Paper ID | MLR-APPL-IP-5.3 | ||
Paper Title | FABRICATE-VANISH: AN EFFECTIVE AND TRANSFERABLE BLACK-BOX ADVERSARIAL ATTACK INCORPORATING FEATURE DISTORTION | ||
Authors | Yantao Lu, Syracuse University, United States; Xueying Du, Bingkun Sun, Northwestern Polytechnical University, China; Haining Ren, Purdue University, United States; Senem Velipasalar, Syracuse University, United States | ||
Session | MLR-APPL-IP-5: Machine learning for image processing 5 | ||
Location | Area E | ||
Session Time: | Tuesday, 21 September, 13:30 - 15:00 | ||
Presentation Time: | Tuesday, 21 September, 13:30 - 15:00 | ||
Presentation | Poster | ||
Topic | Applications of Machine Learning: Machine learning for image processing | ||
IEEE Xplore Open Preview | Click here to view in IEEE Xplore | ||
Abstract | Adversarial examples have emerged as increasingly severe threats for deep neural networks. Recent works have revealed that these malicious samples can transfer across different neural networks, and effectively attack other models. The state-of-the-art methodologies leverage Fast Gradient Sign Method to generate obstructing textures, which can cause neural networks to make incorrect inferences. However, the over-reliance on task-specific loss functions makes the adversarial examples less transferable across networks. Moreover, recent de-noising based adaptive defences provide promising performance against aforementioned attacks. Therefore, to achieve better transferability and attack effectiveness, we propose a novel attack, referred to as the Fabricate-Vanish (FV) attack, which is able to erase benign representations and generate obstruction textures simultaneously.
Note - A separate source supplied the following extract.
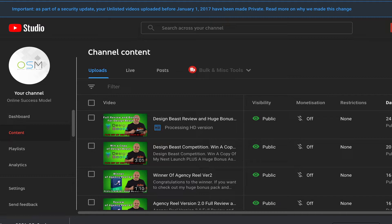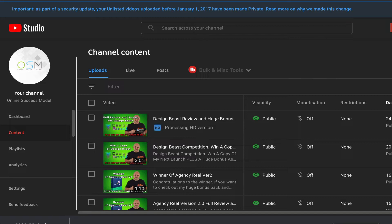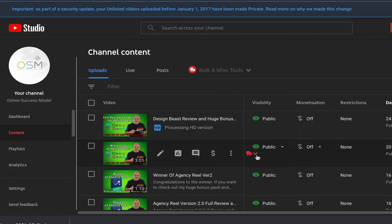Now if you still want my bonus, and what a bonus it is, no one's going to beat this for Design Beast, then just check out the description below. You will see a link across to my bonus page where you can claim this amazing bonus and Design Beast as well. But without further ado, let's pick the winner now.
The proposed FV attack treats the adversarial example transferability as latent contribution for each layer of deep neural networks, and maximizes the attack performance by balancing transferability and task specific loss function. Our experimental results on ImageNet show that the proposed FV attack achieves the best attack performance and better transferability by degrading the accuracy of classifiers 3.8\% more on average compared to the state-of-the-art attacks. |